Cheesy, Flaky Breakfast Cups
User Reviews
5
Cheesy, Flaky Breakfast Cups
Description
This recipe uses thawed puff pastry cut into squares pressed into muffin tins, creating individual cups. Each cup is filled with a strip of bacon that is slightly undercooked to stay pliable and extend beyond the pastry edges. Cheddar cheese is sprinkled over the bacon followed by a raw egg cracked into the cup, topped with heavy cream and seasoned with salt and pepper. Additional cheese is added on top.
Baking at 400°F for 15 to 18 minutes results in a golden-brown puff pastry with firm whites and slightly runny yolks, combining a flaky texture with creamy, tender egg and savory bacon flavors. Chopped chives finished on top add a fresh note.

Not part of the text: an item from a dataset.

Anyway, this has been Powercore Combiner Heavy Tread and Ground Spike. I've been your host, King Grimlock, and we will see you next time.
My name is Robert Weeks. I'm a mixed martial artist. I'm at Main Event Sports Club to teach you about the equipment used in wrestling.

These breakfast cups serve well as handheld portions for a brunch or breakfast spread. The controlled size allows easy serving and portion control.
Ingredients
- 1 puff pastry 10x15 inch sheets, thawed
- 9 Bacon slightly undercooked, so still pliable, strips
- 1 cup cheddar cheese shredded, plus 2 tablespoons
- 9 egg large
- 9 tablespoons heavy cream
- 3 tablespoons chives thinly sliced
- salt to taste
- black pepper to taste
Instructions
- Preheat oven to 400˚F.
- Slightly roll thawed puff pastry out to create a 12”x15” sheet.
- Cut puff pastry into 9 (4”x 5”) pieces.

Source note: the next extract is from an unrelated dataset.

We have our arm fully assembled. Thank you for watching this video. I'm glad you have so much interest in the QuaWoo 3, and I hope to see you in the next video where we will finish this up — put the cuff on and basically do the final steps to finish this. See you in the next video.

- Press each piece of puff pastry into a cavity of a muffin tin and prick the bottoms and sides with a fork.
- Lay a strip of partially cooked bacon into each cup, with the ends sticking out of each side.
- Sprinkle 1 tablespoon cheese over bacon. Crack an egg into each pastry cup and top with 1 tablespoon cream. Season with salt and pepper.

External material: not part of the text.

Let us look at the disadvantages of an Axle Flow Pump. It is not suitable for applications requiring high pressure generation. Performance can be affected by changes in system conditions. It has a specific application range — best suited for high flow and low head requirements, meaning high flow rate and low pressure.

- Sprinkle another tablespoon cheese into each cup place muffin tin into oven.
- Bake cups for 15 to 18 minutes or until puff pastry is golden brown, egg whites have set but yolks are still a little runny.
- Remove from oven, top each with about a teaspoon of chives and cool, about 5 minutes.
- Remove each cup from muffin tin and serve.